Re: High School Memories

(Anonymous) 2025-01-18 01:20 pm (UTC)(link)
"Who even does the assigned reading?"

IB students for sure. We had to do the reading because our exams involved answering pretty detailed questions about the piece. The oral commentary portion of the exam was actually kinda of stressful, as you did not know what section of a piece you would be discussing until the day it was recorded and you picked it from a selection of file folders roughly 15 minutes prior.

Re: High School Memories

(Anonymous) 2025-01-15 03:36 am (UTC)(link)
I don't think there was an English lit book that I hated throughout my school years. In fact I remember getting really engrossed in the books and would get in trouble when it was obvious that I was reading ahead of the class instead of chapter by chapter for each class.
I remember Adeline Yen Mah's memoir Chinese Cinderella having a big impact on me when I was 13 years old. Then there was I'm the King of the Castle by Caroline Woolfe that made me cry buckets because the bullying themes of the story and tragic ending hit way too close to home, but also made me love it even more.
Also C.S. Lewis's Lion, Witch and the Wardrobe.

Re: High School Memories

[personal profile] hey_hey_hey 2025-01-15 03:55 am (UTC)(link)
People actually read the books they were assigned in high school. Let me see if I remember.

English 1 was A Separate Peace. Didn't read it.

Basic English 2 (or was it 1, I can't recall) was The Pearl. The teacher read the whole thing aloud, so that really doesn't count.

English 2 was To Kill a Mockingbird. I had already read it so that didn't count.

English 1 was The Chocolate War. Didn't read it.

English Lit was Great Expectations and Wuthering Heights. Didn't finish either one of those.

greghousesgf: (pic#17098438)

Re: High School Memories

[personal profile] greghousesgf 2025-01-15 04:08 am (UTC)(link)
Ethan Frome. uggghhhhh. This guy who's married falls in love with this shallow little airhead woman and they spend the whole book doing nothing about it except moaning, the closest they get to a sexy scene is washing dishes, and then they decide to do the dumbest thing possible which is commit suicide, in the dumbest way possible, which is run into a tree with a sled. They both wind up paralyzed and the guy's wife, who we're obviously not supposed to like but who is the ONLY sympathetic character, is stuck taking care of both of them for the rest of her life.

Re: High School Memories

(Anonymous) 2025-01-15 04:15 am (UTC)(link)
My favorite was probably Treasure Island by Robert Louis Stevenson (I had already read The Outsiders by S.E. Hinton and Little Women by Louisa May Alcott before I got to high school so I'm not counting those). Honorable mention to The Crucible by Aurthur Miller.

I really disliked The Red Badge of Courage by Stephen Crane.
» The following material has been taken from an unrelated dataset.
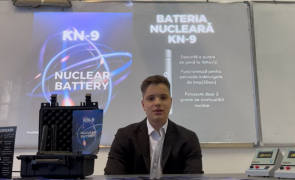 Un adolescent român de 15 ani a inventat o mică baterie nucleară care produce curent pentru un cartier întreg timp de 50 de ani!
I thought Grapes of Wrath was really, really bleak, but it was very well-written - it painted such clearly defined scenes in my head and the symbolism was very on point, so I can't say I truly disliked it. I did roll my eyes nearly all the way through Beowulf, but I don't know if that counts.

Re: High School Memories

(Anonymous) 2025-01-15 04:51 am (UTC)(link)
I enjoyed The Scarlet Letter and Catcher in the Rye. Hated Julius Caesar and never did finish reading it.

Re: High School Memories

(Anonymous) 2025-01-15 06:22 am (UTC)(link)
I don't know that I enjoyed The Lord of the Rings trilogy + The Hobbit the most out of my assigned reading in high school, but it stood out against the standard "improving" classics that were usually assigned. I think I would've liked them better if they hadn't been assigned reading, being forced to read them made them less fun.

Probably my least favorite was Madame Bovary; we could pick any classic novel and I picked it despite knowing almost nothing about it except that it was French. Turned out I was annoyed by every single character.

Re: High School Memories

(Anonymous) 2025-01-15 10:07 am (UTC)(link)
Loved Ganglands by Maureen Mc Carthy (read for Year 10 English, read all of Maureen's other books as well)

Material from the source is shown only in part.